DATA FOR THIS TASK:
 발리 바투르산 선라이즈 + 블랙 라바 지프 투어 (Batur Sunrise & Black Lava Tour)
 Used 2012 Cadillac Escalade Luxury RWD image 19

* * *

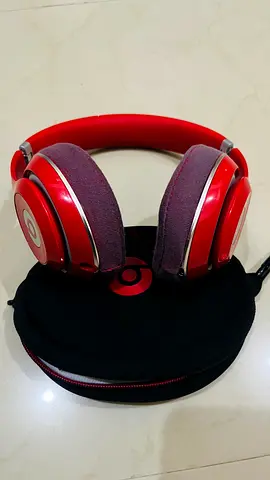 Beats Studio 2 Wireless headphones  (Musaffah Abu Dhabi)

WORK ORDER:
Of the entries listed above, reproduce only the lines starting at the line containing "발리 바투르산 선라이즈" and ending at the line containing "Used 2012 Cadillac". Include both, exactly as they stand.

WRITTEN ANSWER:
 발리 바투르산 선라이즈 + 블랙 라바 지프 투어 (Batur Sunrise & Black Lava Tour)
 Used 2012 Cadillac Escalade Luxury RWD image 19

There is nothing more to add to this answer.